HOW TO COMPLETE THIS TASK: Please transcribe the data that follows without the pictures, keeping every word the same.

SOURCE MATERIAL:
*** Block opens ***

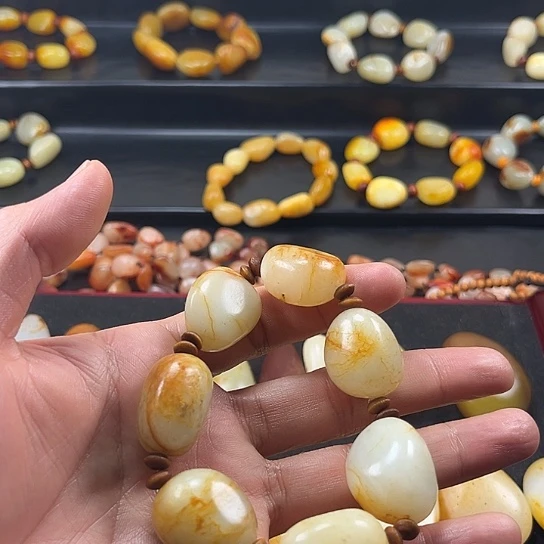 姚***昌颈饰未镶嵌和田玉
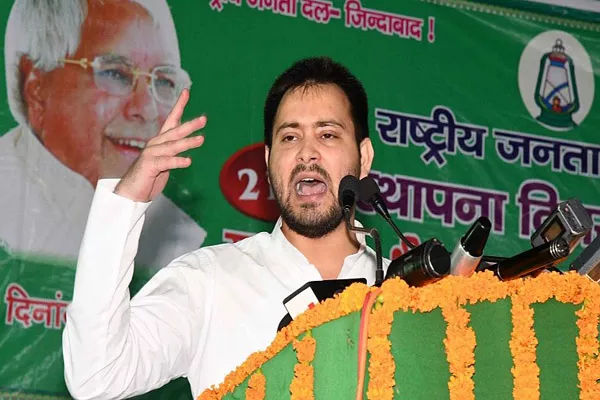 Tejashwi Yadav Proves He is No Pappu - Sakshi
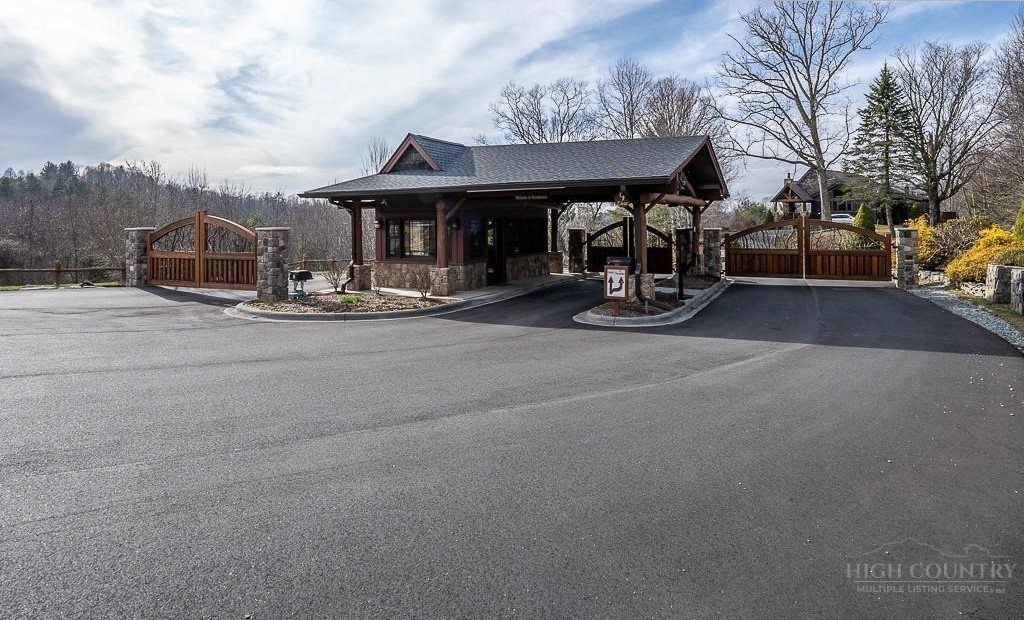 485 Woodlake Loop Road Property Photo 43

*** Block closes ***

REPLY:
 姚***昌颈饰未镶嵌和田玉
 Tejashwi Yadav Proves He is No Pappu - Sakshi
 485 Woodlake Loop Road Property Photo 43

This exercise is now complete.